You can tell if you have a high-Q antenna if the SWR bandwidth of the antenna is low compared to a full-size antenna. Along with the small loops, this includes popular antennas like loaded whips that are often mounted near the ground.

Tune the antenna for an SWR of 1:1 at the operating frequency. Then find the two frequencies at which SWR increases to 2.6, FU and FL. Divide the square root of FU x FL by the SWR bandwidth, FU – FL, and that will give you Q.

For example, if SWR equals 2.6 at 14.275 and 14.295 MHz, Q = 714. That’s a high-Q antenna!

Bear in mind that losses in the feed line will make SWR look a little better at the meter than it is at the antenna terminals, so the actual SWR bandwidth is smaller and Q is higher.

How Safe is Safe?

Like most questions about antenna systems, the answer always seems to begin with “It depends…” So do answers about minimum safe distances for transmitting antennas.

The answer depends on operating frequency, antenna Q, and transmitter output power. Since every portable setup is a little (or a lot) different, you can’t be modeling or making complex calculations all the time.

To help amateurs deal with this complexity, the ARRL provides an online RF exposure calculator.

The following is a calculation for a 100-watt, 14 MHz station using unprocessed SSB with a 20% operating duty cycle and a ground-plane antenna with 1 dBi of gain.

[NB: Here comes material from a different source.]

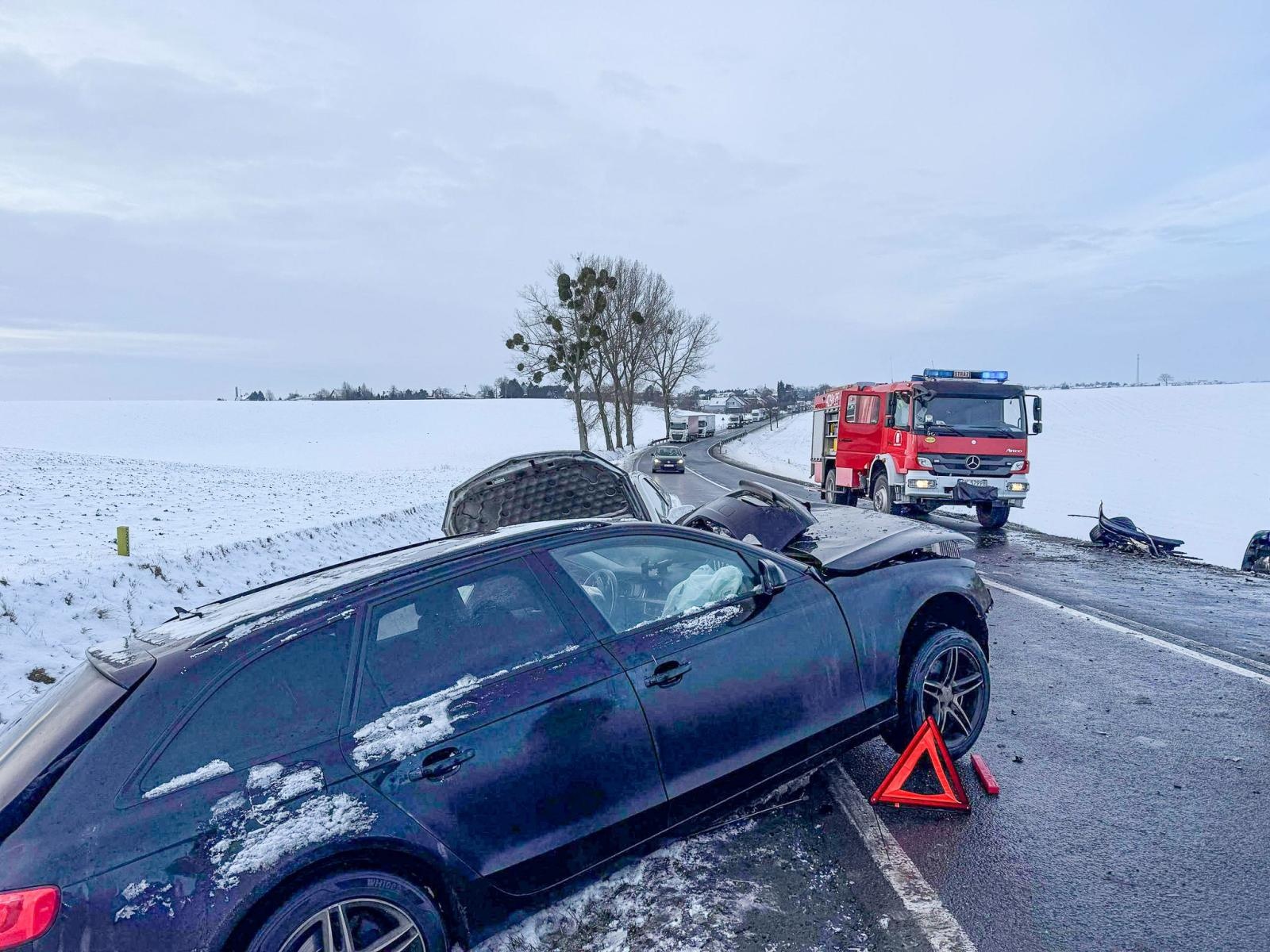 Zdjęcie w galerii na portalu naszraciborz.pl: Poważny wypadek na DK45 pod Polską Cerekwią. W zdarzeniu uczestniczył mieszkaniec Raciborza wiadomości z regionu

ARRL RF Calculator landing page screen shot
(Image/ARRL.com)
ARRL RF Calculator Screenshot
(Image/ARRL.com)

Note that it’s safe to get pretty close to the antenna. However, if I turn on speech processing or operate more aggressively, such as during a contest or POTA activation, the minimum distance will increase. Similarly, using a mode like FT8, which has a 50% duty cycle of full power on periods, will increase minimum distances still further.

This short table is an excerpt from Table 5.7 of RF Exposure and You (see this article’s conclusion for how to obtain that book) that provides typical gains for some popular portable antennas. For a vertical dipole or end-fed half-wave antenna, use the half-wavelength dipole gain. For a “hex” beam, use the two-element Yagi gain. Loaded whips are less efficient than a full-size vertical, so that antenna’s safe distances are a conservative estimate for the whip.

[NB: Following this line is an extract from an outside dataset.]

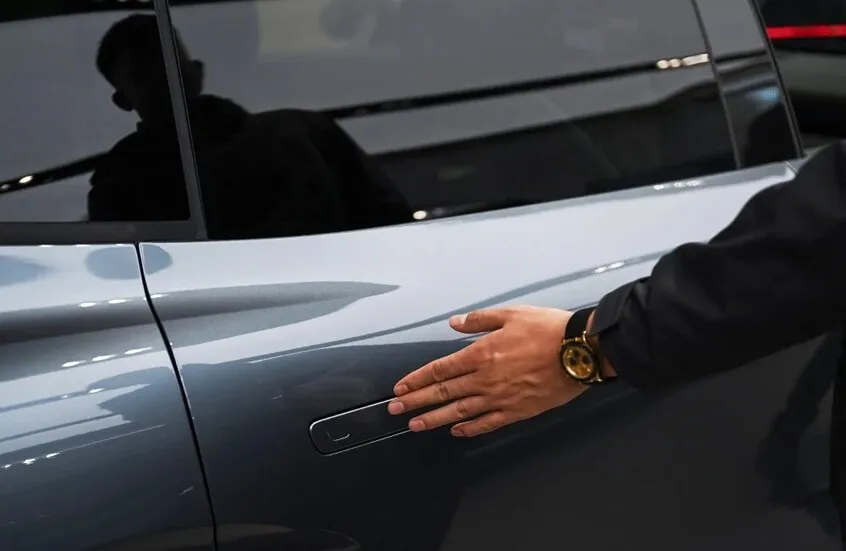 الصين-تحظر-مقابض-الأبواب-المخفية-في-السيارات.webp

Typical Antenna Gains in Free Space (dBi)

  • Quarter-wave ground plane – 1.0
  • Half-wavelength dipole – 2.15
  • 2-element Yagi – 6.0

For the special case of a small HF transmitting loop, the minimum distances are larger, due to the higher stored energy of this very high-Q antenna. Siwiak calculates these minimum safe distances in his May 2017 QST Technical Correspondence item, “RF Exposure Compliance Distances for Transmitting Loops, and Transmitting Loop Current.” 

From that article, for a one-meter-diameter loop with five watts of continuous transmit power on the 40–10 meter bands, the minimum safe distance for the uncontrolled environment is 1.7 meters (5.6 feet). This increases to 2.1 meters (6.9 feet) at 10 watts output power. Table 17 from the FCC OET Bulletin 65B shows the safe uncontrolled distances for 150 watts increasing from 2.8 meters (9.2 feet) on the 40 meter band to 4.2 meters (13.8 feet) on 10 meters. 

Using an amplifier, such as for a special event or contest, with a small loop increases the minimum distances on 40 through 10 meters to 17.4 feet to 42.4 feet, respectively. (A two-meter-diameter loop on 80 meters requires 21.6 feet of separation at full power.) 

See Siwiak’s March 2012 QST Technical Correspondence article, “An Antenna Idea for Antenna-Restricted Communities” for more information.

Please Think About RF Safety

It’s easy to overlook these concerns in the “heat of battle” when you are just trying to get a station put together and on the air. Hopefully, this article will encourage you to consider antenna placement in the field. I see far too many pictures of portable setups where the antenna is a few feet away from a 100-watt transceiver. There are even photos of “mag loops” sitting right on a picnic table next to the operator! Don’t do that.

You can learn a lot more on the ARRL’s RF Exposure website. The excellent text reference RF Exposure and You by the ARRL’s Ed Hare, W1RFI, is downloadable at no cost as a PDF book. It has many helpful tables and examples.

I don’t think RF exposure is something we should be afraid of, but neither should we be careless in how we treat it.